++++ Records
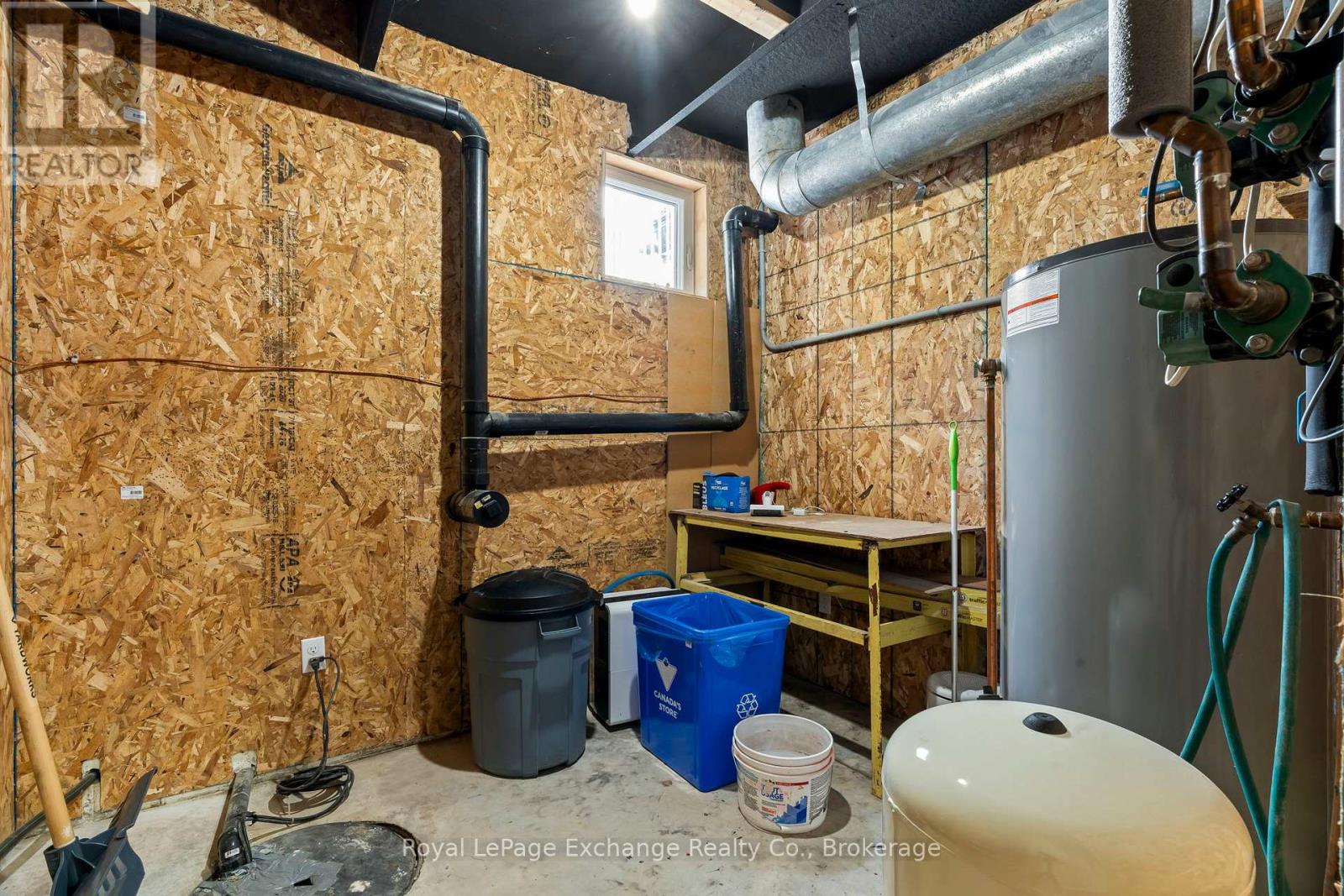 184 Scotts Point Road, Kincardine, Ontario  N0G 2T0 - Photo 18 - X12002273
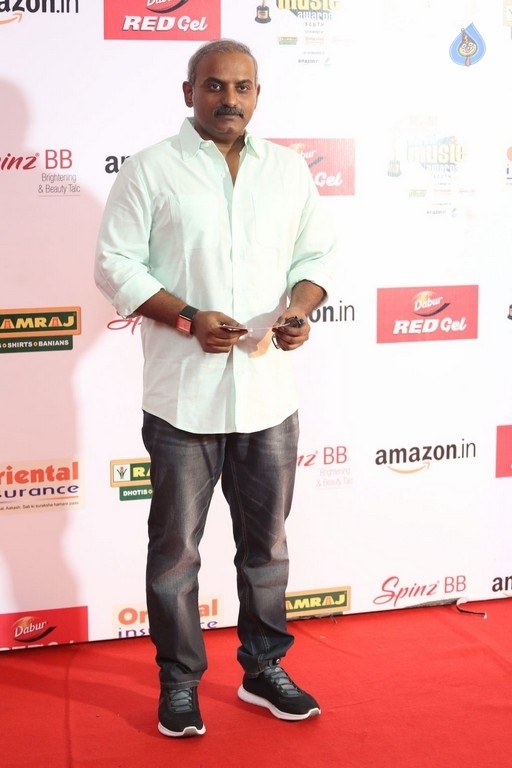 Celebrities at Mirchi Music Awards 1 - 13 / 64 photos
++++++++
++++ Records
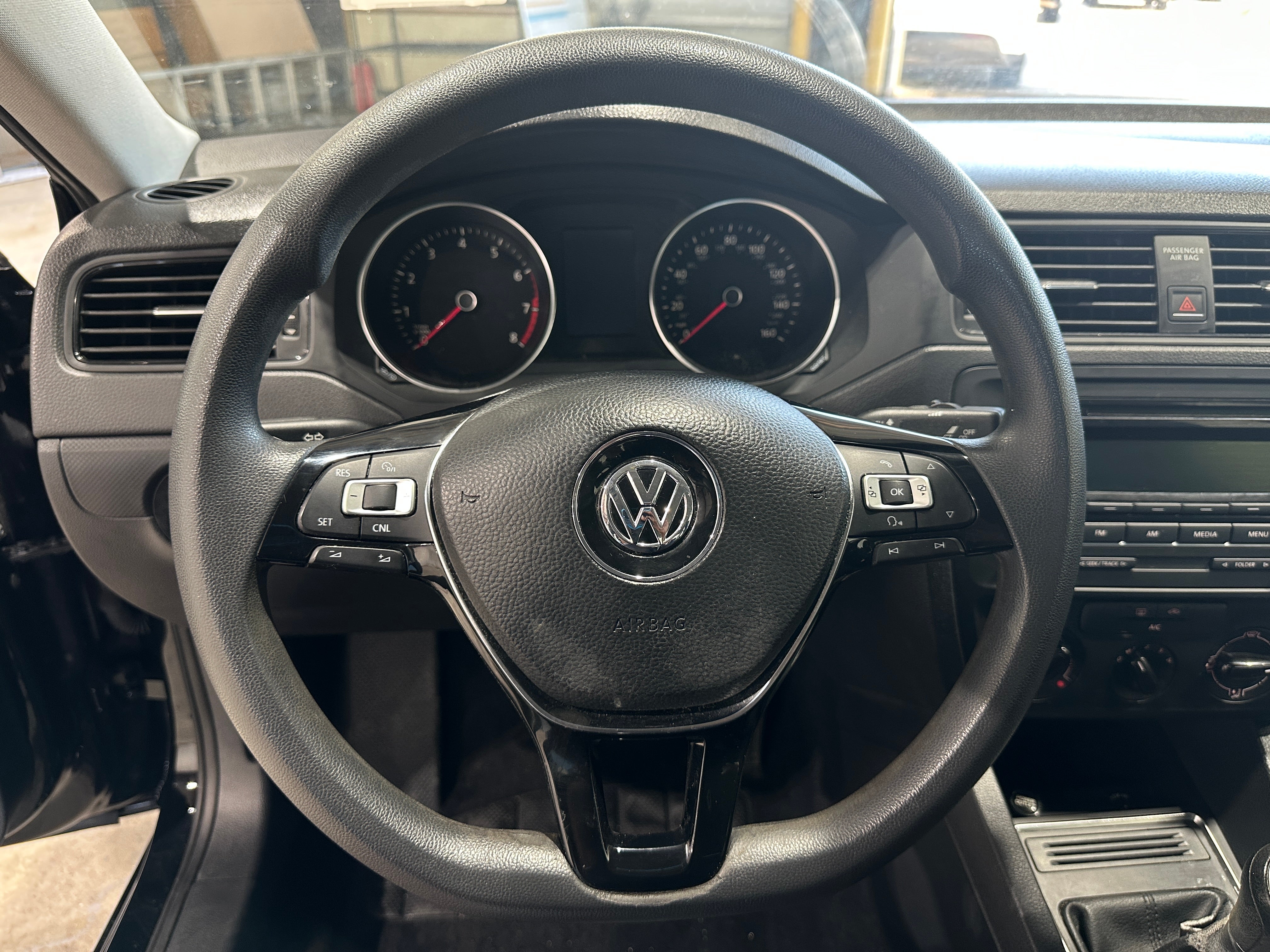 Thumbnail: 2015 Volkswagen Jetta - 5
++++++++
Your task — Output should consist of the lines above from the one with "184 Scotts Point" down to the one with "Celebrities at Mirchi", exact and without pictures.

Task output —
 184 Scotts Point Road, Kincardine, Ontario  N0G 2T0 - Photo 18 - X12002273
 Celebrities at Mirchi Music Awards 1 - 13 / 64 photos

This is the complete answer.